1. **Similarity Measure**:
   - A similarity measure is used to assess how similar two words are based on their embeddings (vectors). It gives a value between -1 (completely opposite) and 1 (completely similar). We use this measure to assess the similarity between the word `w` and other words in the sets.

2. **For a given word `w`**:
   - We compute its similarity with each word in set `X` and each word in set `Y`. These sets represent different categories or groups of words.

3. **Computing `sim_X`**:
   - `sim_X` is the average similarity between the word `w` and all the words in set `X`. This means we compute the similarity between `w` and every word in `X`, and then take the mean of these similarities.
   
4. **Computing `sim_Y`**:
   - Similarly, `sim_Y` is the average similarity between the word `w` and all the words in set `Y`.

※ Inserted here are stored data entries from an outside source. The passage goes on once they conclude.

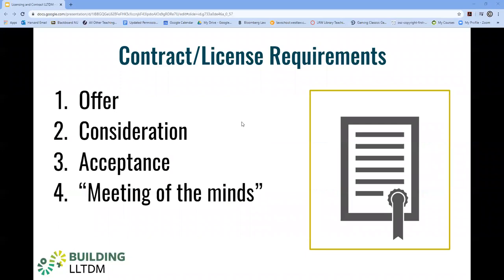Many of us will never have to write a contract from scratch — trust me, this is a good thing. However, I do want to explore the underlying contract and licensing system so that you have some context for the parts in the legal process that makes a contract or license valid.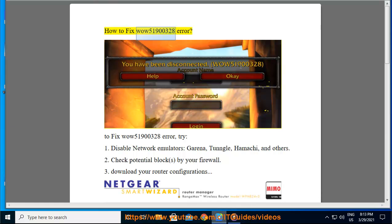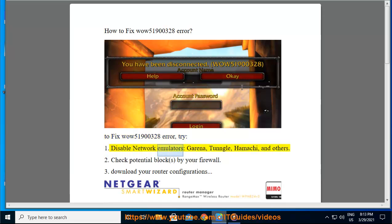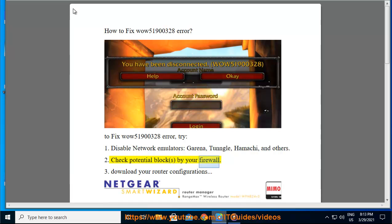How to fix WOW 51900328 Error. To fix WOW 51900328 Error, try: 1. Disable network emulators. 2. Check potential block by your firewall. 3.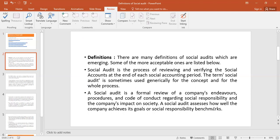Number one: Social Audit is the process of reviewing and verifying the Social Accounts at the end of each Social Accounting period. Like the Financial Audit where we review the Financial Transactions, here it involves reviewing and verifying of the Social Accounts at the end of each Social Accounting period.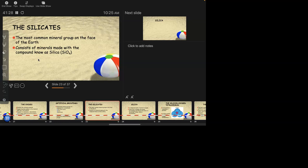Now for the in-depth dive on silicates — the most common mineral group on the surface of the Earth — with the compound we call silica, SiO4. Silicon, silica, and silicates are three nested things: silicon is the element Si; silica is the compound SiO-whatever; and silicates is the mineral group.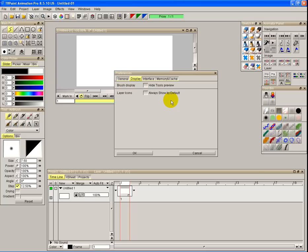Brush display means you can hide the tools preview. So your brushes, if you've got a computer that's struggling a little bit displaying very large brushes or animated brushes, you can hide that and it just turns into a cursor.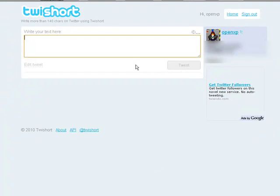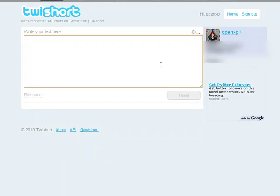This is where you will type in your text. You can write more than 140 characters — there's no limit over here. You can write as much as you like using tshort.com, and it's safe. I recommend you use tshort.com if you want to write more than 140 characters.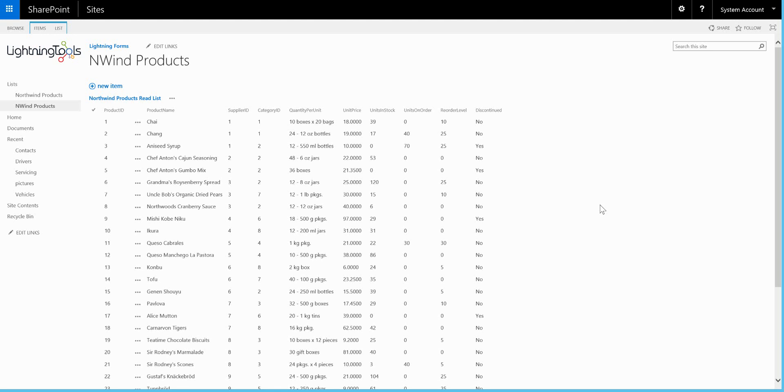Hello, this is Brett Lonsdale from Lightning Tools and I'm going to demonstrate Lightning Forms. Lightning Forms is a product that allows you to customize the forms between a SharePoint list and an external list.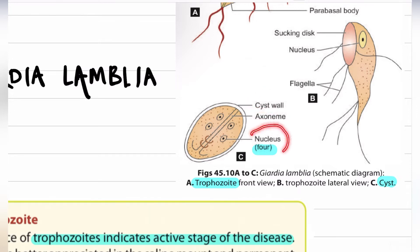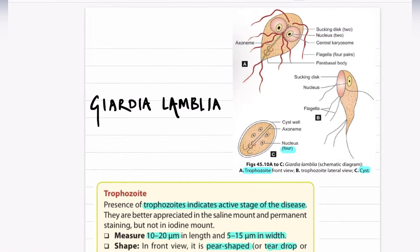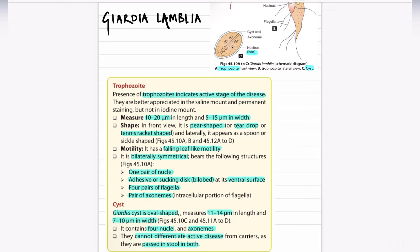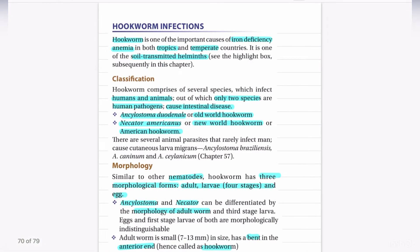The cyst of Giardia lamblia consists of an outer cyst wall, an axoneme, and four nuclei. The size of the trophozoite measures 10 to 20 micrometers in length and 5 to 15 micrometers in width. It is pear-shaped, tear-drop shaped, or tennis racket shaped, and most importantly it has a falling leaf-like motility. The cyst of Giardia is oval shaped, measuring 11 to 14 micrometers in length and 7 to 10 micrometers in width.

5. **Differential Association**:
   - The differential association for word `w` is calculated by subtracting `sim_Y` from `sim_X`. This gives us the difference in associations:
     - **If `sim_X > sim_Y`**: The word `w` is more closely associated with the words in set `X`.
     - **If `sim_Y > sim_X`**: The word `w` is more closely associated with the words in set `Y`.
     - **If `sim_X = sim_Y`**: The word `w` has an equal association with both sets.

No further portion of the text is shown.